Author: Kyle Piira

  • Chicago should follow Seattle’s lead in re-connecting to it’s waterfront

    I spent the past weekend in Chicago, and really enjoyed it. I rode the L all over the city and made good use of the CTA buses, which honestly impressed me in their coverage. The trains mostly radiate outward from the Loop, so they’re not always ideal for cross-town travel, but the buses fill in those gaps really well.

    I did the classic tourist things: the architecture boat tour, some deep-dish pizza, and some museums. It was a fantastic trip. But one thing stuck with me long after I left the city: Lake Shore Drive.

    Chicago’s lakefront is stunning. There’s a long stretch of beaches and parkland along Lake Michigan that could be one of the greatest public amenities in the city. But instead of connecting the city to its shoreline, Chicago built an eight-lane highway through it.

    Lake Shore Drive

    Trying to walk from the downtown to the beach was surprisingly unpleasant. You head toward the lake expecting open access, only to hit a roaring wall of traffic. Lake Shore Drive is a barrier that you can hear and smell long before you reach the water.

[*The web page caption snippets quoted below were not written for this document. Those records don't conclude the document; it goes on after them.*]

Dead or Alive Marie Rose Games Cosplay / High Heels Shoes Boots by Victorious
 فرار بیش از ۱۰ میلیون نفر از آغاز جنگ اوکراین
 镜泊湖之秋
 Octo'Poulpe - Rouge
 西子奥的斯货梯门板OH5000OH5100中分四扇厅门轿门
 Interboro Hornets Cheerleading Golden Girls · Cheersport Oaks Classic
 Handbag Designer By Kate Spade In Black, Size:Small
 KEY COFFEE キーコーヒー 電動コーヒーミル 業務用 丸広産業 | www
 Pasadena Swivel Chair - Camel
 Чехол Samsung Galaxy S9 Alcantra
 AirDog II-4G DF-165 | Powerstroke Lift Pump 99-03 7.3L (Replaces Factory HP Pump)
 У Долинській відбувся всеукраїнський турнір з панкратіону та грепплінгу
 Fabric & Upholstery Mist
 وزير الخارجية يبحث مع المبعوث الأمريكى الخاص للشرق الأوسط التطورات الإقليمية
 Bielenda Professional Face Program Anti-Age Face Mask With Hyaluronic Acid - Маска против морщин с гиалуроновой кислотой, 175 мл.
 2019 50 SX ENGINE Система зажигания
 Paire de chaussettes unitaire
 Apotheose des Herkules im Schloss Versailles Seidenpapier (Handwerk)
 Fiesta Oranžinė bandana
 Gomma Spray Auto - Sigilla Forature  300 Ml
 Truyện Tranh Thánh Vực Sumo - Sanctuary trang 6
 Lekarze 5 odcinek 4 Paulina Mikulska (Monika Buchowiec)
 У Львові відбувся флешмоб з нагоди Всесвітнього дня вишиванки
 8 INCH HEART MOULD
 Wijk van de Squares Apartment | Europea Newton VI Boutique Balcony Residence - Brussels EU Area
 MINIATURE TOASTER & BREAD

    There are pedestrian bridges and underpasses, but neither makes the experience of getting to the beach very pleasant. The underpasses are dim and uninviting. The overpasses require climbing stairs while being surrounded by noise and exhaust. Some sections allow you to cross at street level, but those crossings feel unsafe and out of place. No one enjoys darting across eight lanes of traffic.

    This is public land that should bring people to the water, yet it’s dominated by cars. It’s a waste of beautiful real estate and a missed opportunity to create something extraordinary.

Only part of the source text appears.